No Apparent Age-at-treatment Effects
We expected to find different effects of chronic treatment in adolescent-treated animals compared to adult-treated animals. However, such differences were not observed. As previously mentioned, a recent phMRI study by our group [18] suggested age-related differences in 5-HT system responsiveness to an acute SSRI challenge after a similar treatment regime and washout period as used in the current study. Apparently, these effects are not caused by differences in extracellular 5-HT concentrations, since in the present study we demonstrated that the same extracellular concentrations were present in all treated animals, irrespective of age-at-treatment, both before and after the acute challenge. In conclusion, there were no apparent age-by-treatment effects of chronic FLX on basal extracellular 5-HT concentration and on the FLX-induced increase. Still, we cannot rule out that there are age-related differences in more down-stream processes such as post-synaptic receptor sensitivity [26]. In this way, similar extracellular 5-HT concentrations may have dissimilar effects on 5-HT transmission, which might still explain our earlier phMRI findings where adolescent-treated showed an increased response to an acute challenge, while adult-treated animals were less responsive [18]. Also, since resensitization of the autoreceptors presumably takes longer than the one-week washout applied here, it might be that there are age-related differences or even non-transient changes within this resensitization process. To rule this out, even longer washout periods might be needed.

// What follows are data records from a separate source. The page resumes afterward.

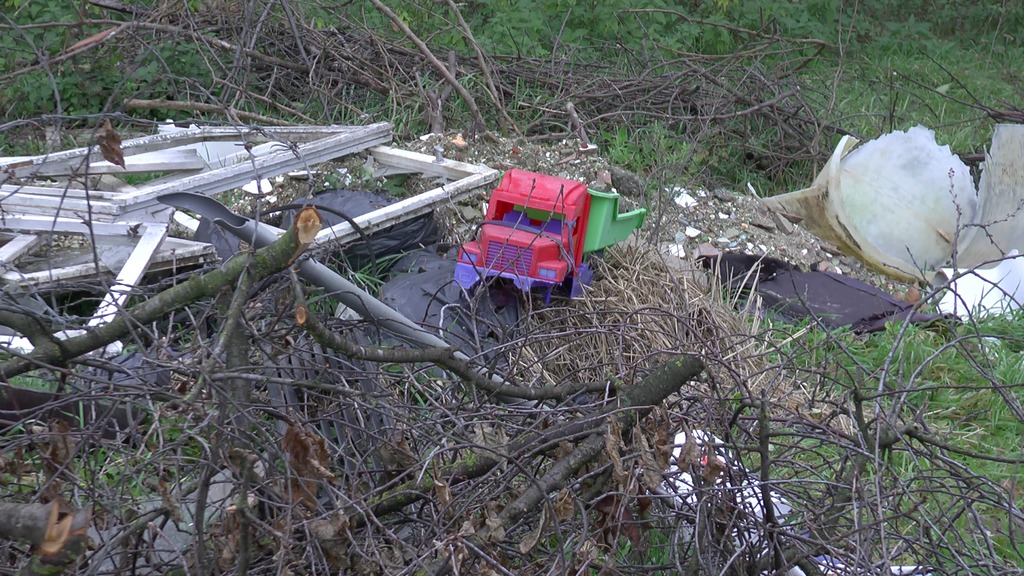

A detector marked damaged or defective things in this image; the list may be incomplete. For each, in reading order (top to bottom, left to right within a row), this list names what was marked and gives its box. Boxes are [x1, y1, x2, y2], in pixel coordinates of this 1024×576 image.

broken wooden frame [0, 123, 496, 354] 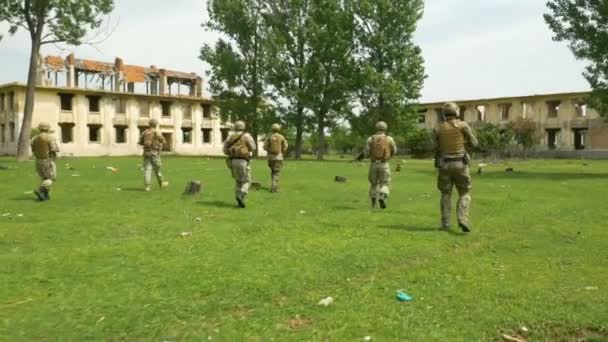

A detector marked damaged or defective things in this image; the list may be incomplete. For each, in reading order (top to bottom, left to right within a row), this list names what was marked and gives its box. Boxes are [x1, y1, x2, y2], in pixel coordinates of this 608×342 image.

broken window [572, 128, 588, 150] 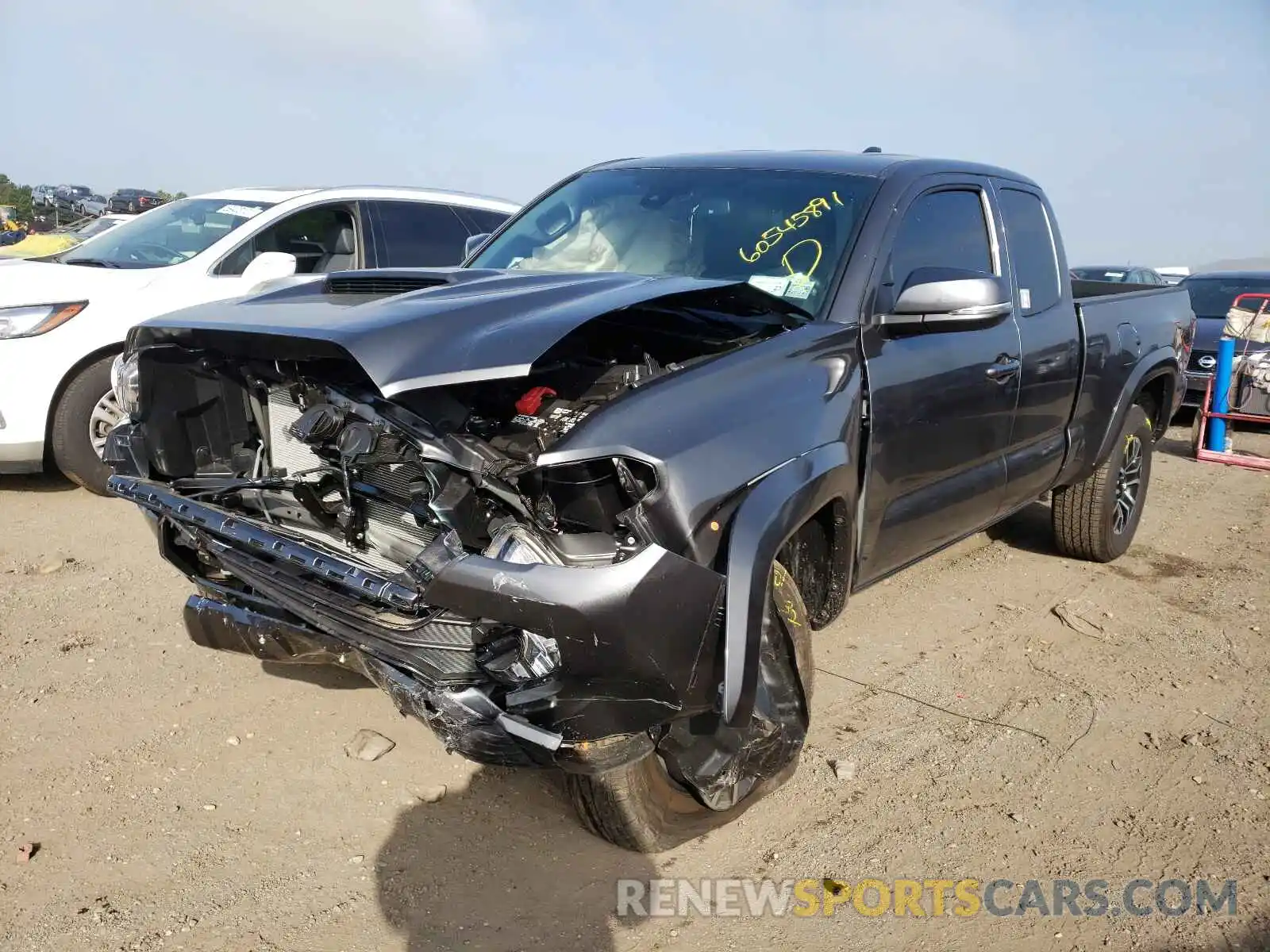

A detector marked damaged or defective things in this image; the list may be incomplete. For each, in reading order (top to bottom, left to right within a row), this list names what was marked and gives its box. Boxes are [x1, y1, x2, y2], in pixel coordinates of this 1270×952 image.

crumpled hood [0, 259, 157, 306]
broken headlight assembly [111, 351, 142, 416]
crumpled hood [129, 268, 803, 398]
crushed front end [102, 301, 794, 777]
wrecked black pickup truck [104, 152, 1194, 850] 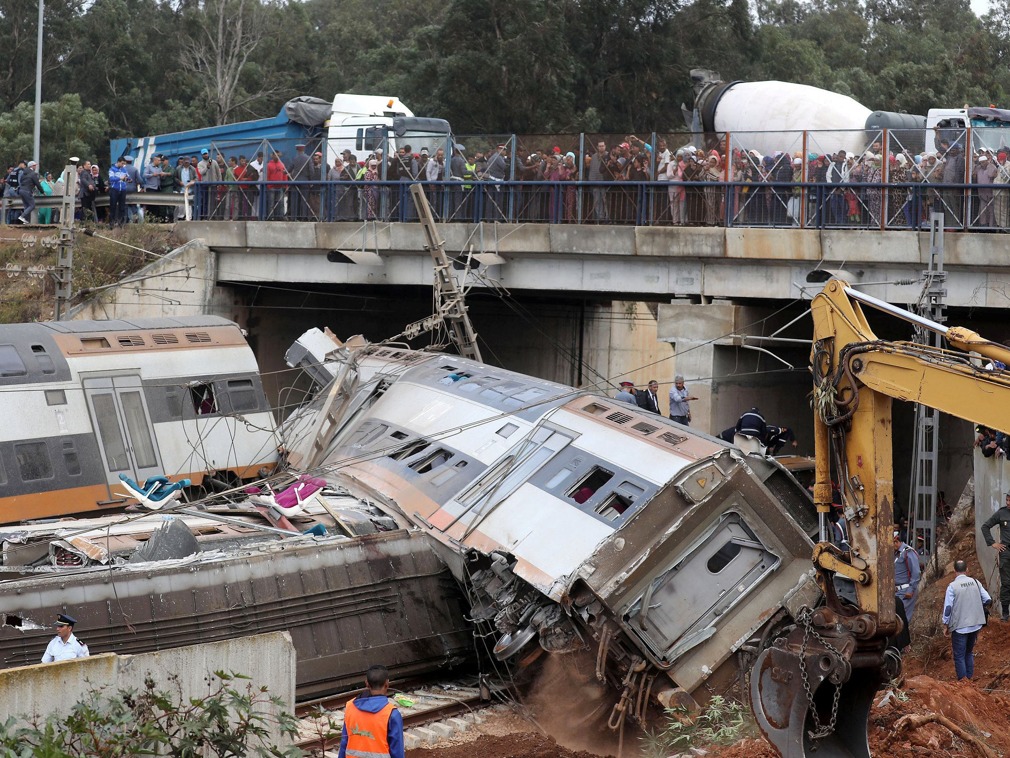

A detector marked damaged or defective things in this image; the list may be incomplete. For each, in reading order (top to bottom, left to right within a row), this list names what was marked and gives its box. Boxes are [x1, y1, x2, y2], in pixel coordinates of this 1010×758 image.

damaged train car side [294, 337, 820, 719] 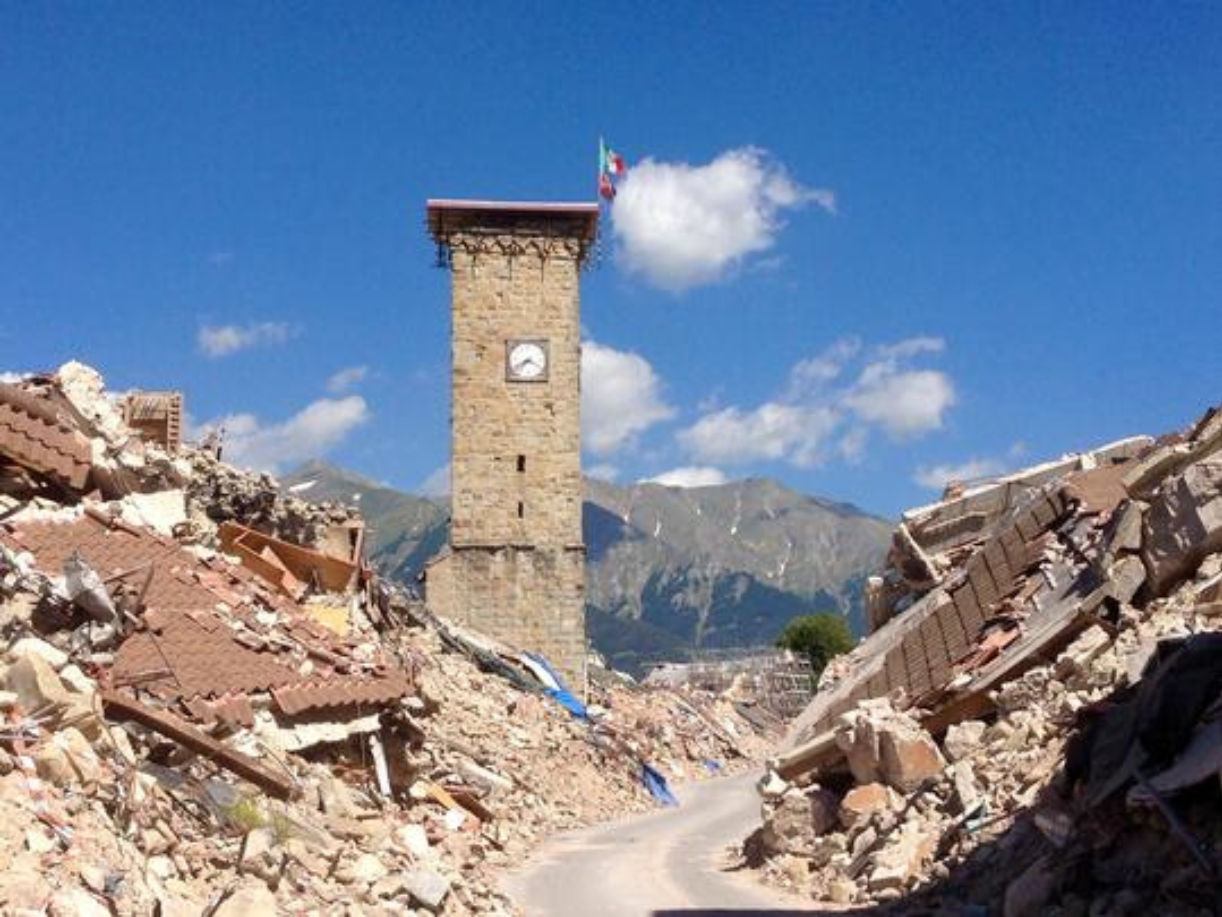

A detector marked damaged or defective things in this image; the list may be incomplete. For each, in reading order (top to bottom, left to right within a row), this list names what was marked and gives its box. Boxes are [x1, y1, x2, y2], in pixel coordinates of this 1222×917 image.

pile of broken masonry [0, 361, 777, 914]
pile of broken masonry [747, 403, 1222, 917] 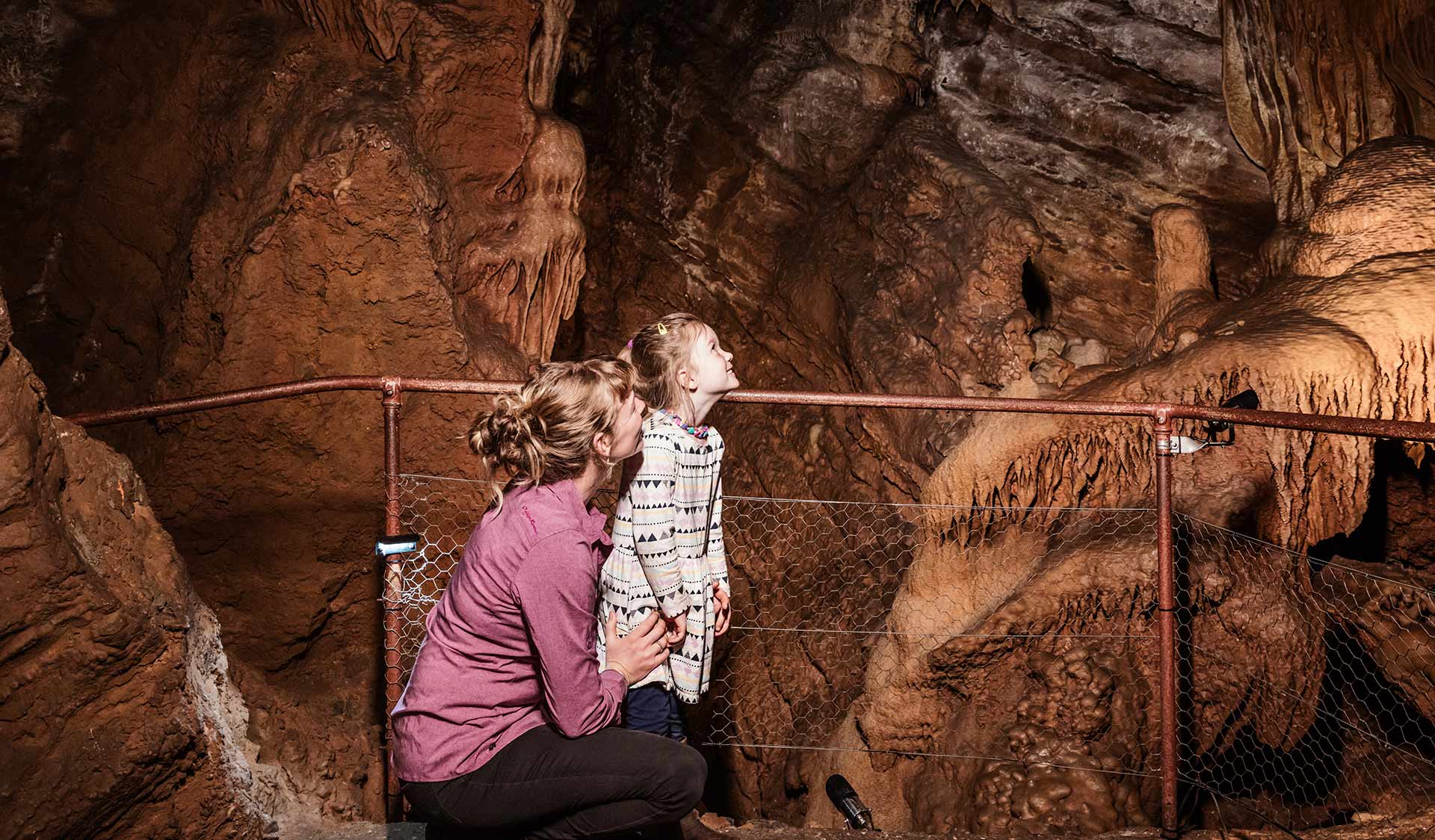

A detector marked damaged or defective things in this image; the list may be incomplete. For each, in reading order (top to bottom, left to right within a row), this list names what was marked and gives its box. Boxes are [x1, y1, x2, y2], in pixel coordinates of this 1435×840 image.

rusty metal handrail [61, 376, 1435, 833] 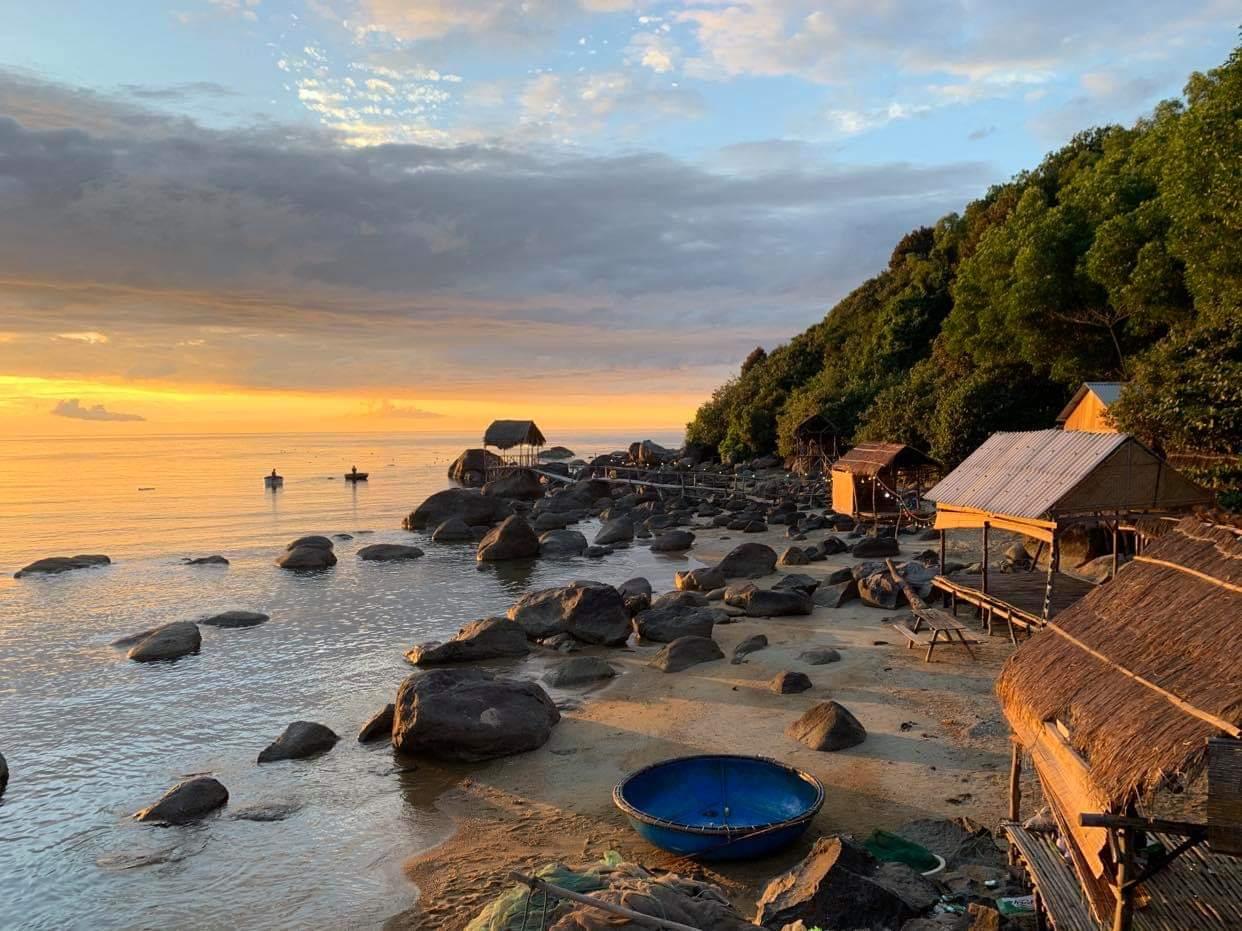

Effects on Other Monoamines
As hypothesized, a clear effect of the acute FLX challenge was observed on the release of extracellular DA and NA, while no effect of chronic FLX treatment on their basal levels was seen. Unpredicted however, was the small but statistically significant effect of the preceding chronic FLX treatment on DA release after the acute challenge in both age groups, just as was seen with 5-HT. Previous studies have shown that FLX can indeed acutely affect DA and NA release in the prefrontal cortex, presumably via the 5-HT2c receptor and/or post-synaptic 5-HT1A receptor [30], [40], but other studies have reported no effects on DA and NA concentrations after an acute challenge [41] or directly after chronic administration [42], [43]. Although this effect of previous FLX treatment on the DA response to an acute 5-HT challenge is thus less easily explained, it is clear that almost all 5-HT receptors are capable of modulating DA release [44] and it is therefore not surprising that, considering the effects seen in the 5-HT system, also the DA system is similarly affected. It was also previously shown that chronic FLX treatment requires long-term recovery of DA metabolism, just as is the case with 5-HT [45]. Our findings thus further support the possible long-lasting interference of FLX on DA activity. Similar to our results, it was previously shown that there is little to no effect of an acute FLX challenge on extracellular DOPAC and HVA in the PFC [46], [47], although the study by Li et al. (1999) also fails to report changes in DA release. We may even need to look at yet other neurotransmitters systems than 5-HT, DA and NA. For instance, GABA and glutamate projections are also known to be involved in 5-HT feedback control [26]. Studies on the effect of chronic FLX treatment on these monoamines and their metabolites are however even more scarce.
Strengths and Limitations
So far, there is only a small number of studies that has looked into the ongoing effects of chronic FLX treatment on neurotransmitter responsiveness after its cessation. Our results show that the 5-HT system remains sensitive to external changes quite long after complete washout of the drug. While it is known from stimulant drugs that repeated administration may lead to long-lasting sensitization of the DA system [48], similar studies in the 5-HT system were absent. Even though less invasive effects are to be expected from uptake inhibitors than from stimulants such as amphetamine that both inhibit uptake and actively force neurotransmitter release, it would still be worthwhile to further investigate this in future research. This type of studies will give us more insight in the 5-HT system and on the understanding of the effects of SSRIs thereupon. On a more future prospect, these studies might also have implications for clinical practice. For instance, although speculative, the switch between SSRIs in case of treatment non-response, as is currently described in clinical guidelines, may not be due to superior effect of the alternating SSRI but to the hypersensitivity of the 5-HT system induced by the previous one. Such a mechanism might be explained by our current results. Evidently, further research is needed to confirm and support this reflection.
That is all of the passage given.